Does this issue sound familiar? It should: it’s the exact thing you’re asking for but replacing null with missing. You are asking to be allowed store missing anywhere a Float64 is expected—and presumably the same for other types as well, like Int or String or any user-defined type. This is like Sir Hoare’s billion dollar mistake but worse because at least in C et al. a floating-point value is a primitive which cannot be null—only reference types (i.e. “objects”) can be null. What’s the problem? If Vector{Int}, for example, can contain missing values, then how can we express a vector of actual non-missing Int values? We would lose the ability to do so. Which would force everyone in all situations to program defensively against missings, much as everyone is forced to program defensively against null pointers in the aforementioned languages.
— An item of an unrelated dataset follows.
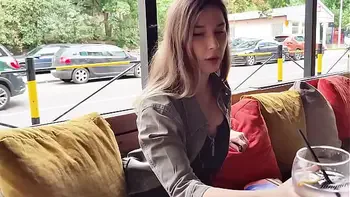 Remote control orgasm of my stepsister in Bar !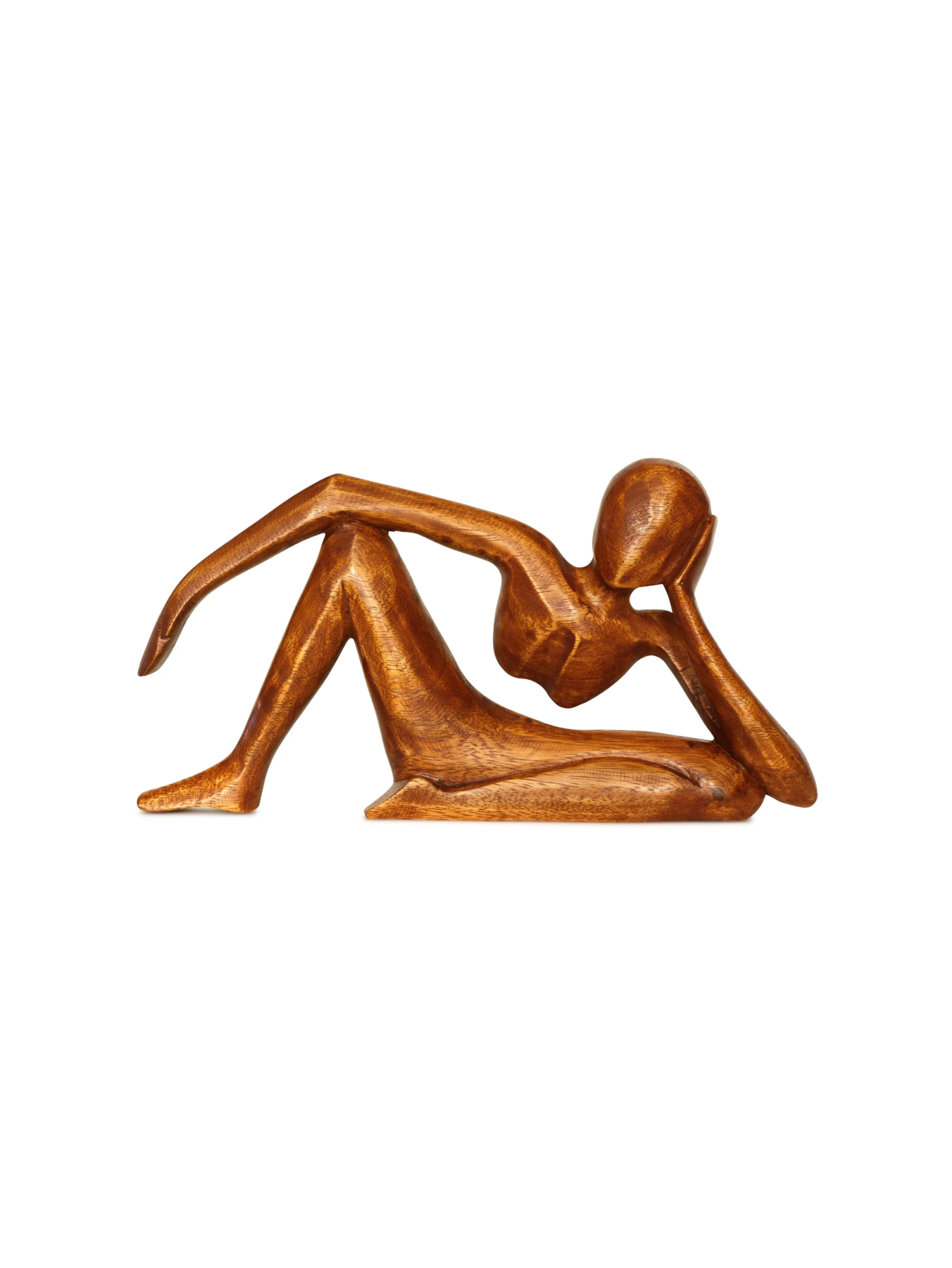 12" Wooden Handmade Abstract Sculpture Handcrafted "Relaxing Man" Home Decor Decorative Figurine Accent Decoration Hand Carved Statue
Instead, Julia has different types: Vector{Int} for a vector of actual non-missing integer values and Vector{Union{Int, Missing}} for a vector of possibly missing integer values.
In short, avoiding repeating Hoare’s billion dollar mistake (and surely it’s been far more expensive than a mere billion dollars at this point) was very much intentional and not something we’re going to change.
Note that all the options don’t mutate the original array, but create a new array. IMHO the simpler syntax is that of the comprehension, but all do the same:
julia> A = zeros(3); B = A;
julia> A = replace!(x -> isnan(x) ? missing : x, Array{Union{Float64, Missing}}(A) );
julia> A === B
false
julia> A[1] = missing
missing
julia> B
3-element Vector{Float64}:
0.0
0.0
0.0
Be careful with that. And all the other options do the same, so you are not mutating your original array in any case, which may cause confusion.
If you know you’re going to want to insert missings in a vector and you want to mutate it, it’s best to arrange for it to have an element-type Union{T, Missing} beforehand. Then inserting missing values by mutation will be possible.
Wouldn’t leaving the NaNs as is be better? You happen to be working with a type that has a value (2^53 of them even) that was meant for this. You can assign the largest finite float value but it won’t be treated in any way special unless you write code that checks for it. Also, I’m not aware of anyone using that value as a sentinel for floats. They sometimes use the smallest representable integer value as a sentinel for signed integer types but for floats they use NaNs, which already mostly behave the way one wants.